- [How to complete this task]
Reproduce the entries shown below only from the line with "The Brea Circle" down to the line with "Full frame shot", keeping both end lines and copying each one exactly.

- [Supplied entries]
»»

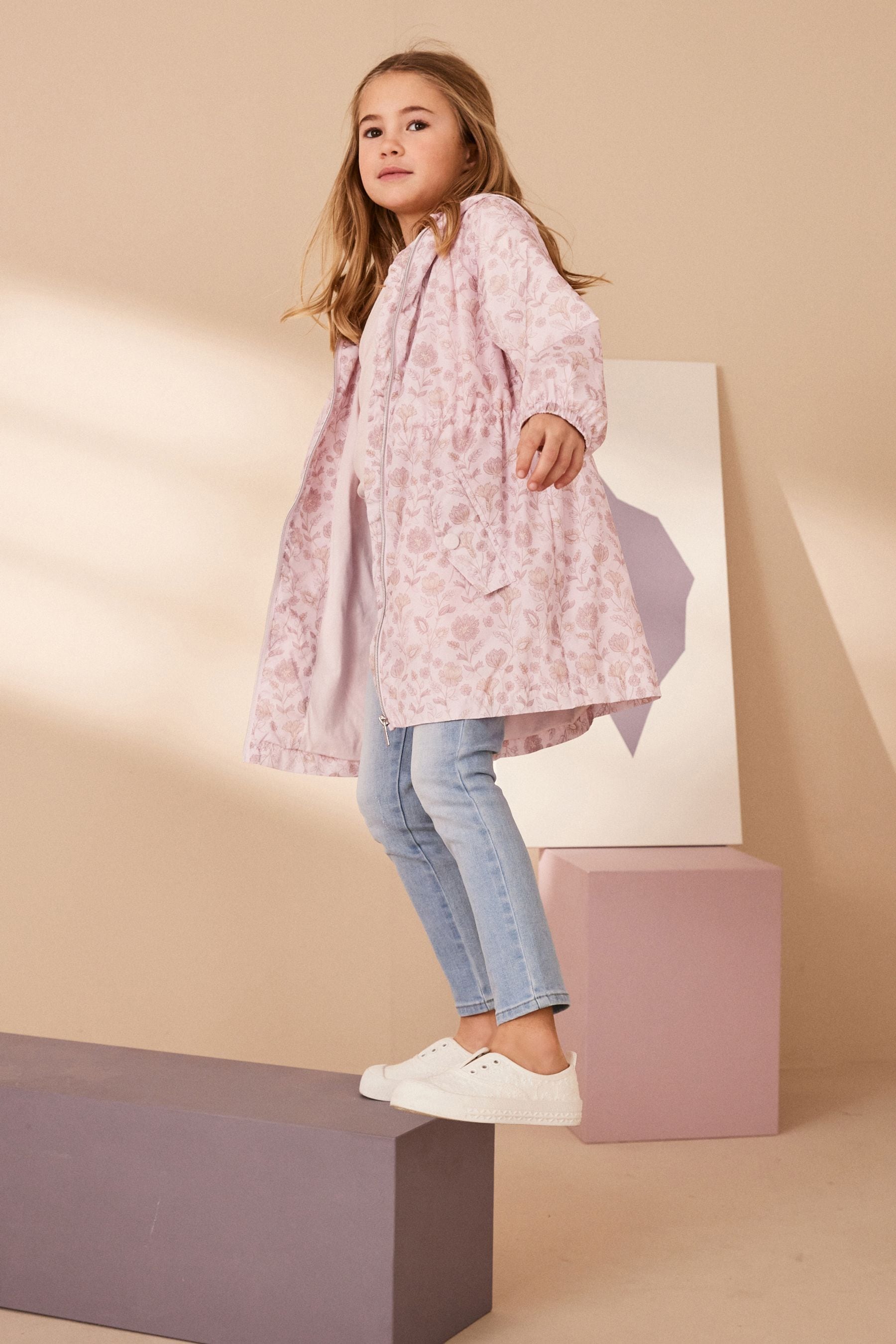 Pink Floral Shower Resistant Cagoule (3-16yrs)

««
»»

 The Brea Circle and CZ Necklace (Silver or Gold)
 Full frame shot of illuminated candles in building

««

- [Result of the task]
 The Brea Circle and CZ Necklace (Silver or Gold)
 Full frame shot of illuminated candles in building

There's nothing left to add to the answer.